The new National Match M1 was simply a regular service rifle selected for accuracy by the SA match unit. The method of selection was merely to monitor the accuracy acceptance test to which every M1 was subjected before delivery. Those that shot especially straight were set aside and given a very minor tune-up before stamping the letters NM on them.
These first National Match M1’s were not accurate enough to be competitive, and old time shooters used to the NM ’03 were very critical of its performance. In succeeding years, the NM M1 was more rigorously selected, with special attention given to optimal bore and headspace dimensions. In addition, the gunsmithing given to each rifle was quite a bit more extensive each year. What could be done to the rifle, however, was limited by a strict interpretation of the regulation that the National Match rifle be “the service rifle as issued.” Nevertheless, by 1957 the National Match M1 could and did compete successfully against the ’03.
Despite the adoption of the M14 as the official service rifle in 1957, the NM M1 remained the rifle used in high power competition, just as the ’03 Springfield had remained the match rifle long after the adoption of the M1. However, the stipulation of “service rifle as issued” was finally interpreted more generously. Special sights were permitted beginning in 1957, and various studies to improve the M1’s accuracy even further were conducted.

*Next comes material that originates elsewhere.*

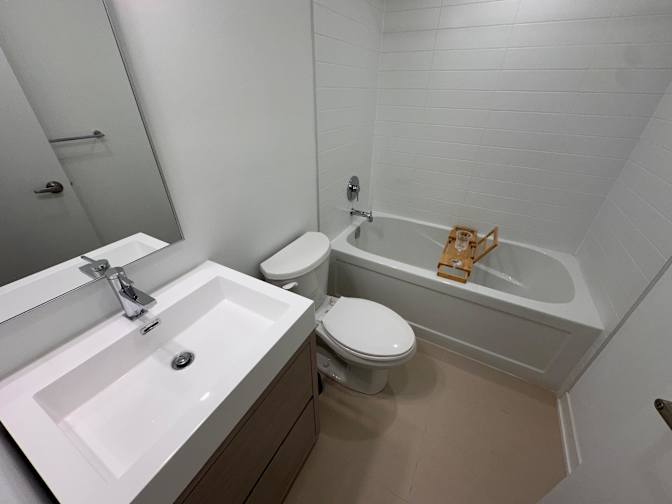 Housingfouryou's room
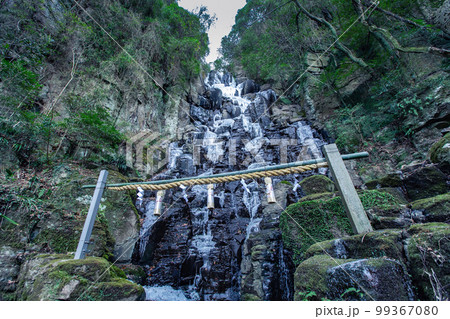 不動明王がある落差十五メートルの不動の滝 不動明王がある落差十五メートルの不動の滝 99367080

The improvements identified were phased in on a regular basis from about 1959 until the end of production in 1963. The final version of the National Match M1 is an extremely accurate rifle out to distances of 1000 yards, and it can stand with any service rifle anywhere in the world.
M1 match rifles were built by all the service branch shops according to the same specifications used by the official Springfield Armory National Match program. These “team rifles” can be as accurate as the SA rifles, but they do not command the same value that collectors afford the SA examples.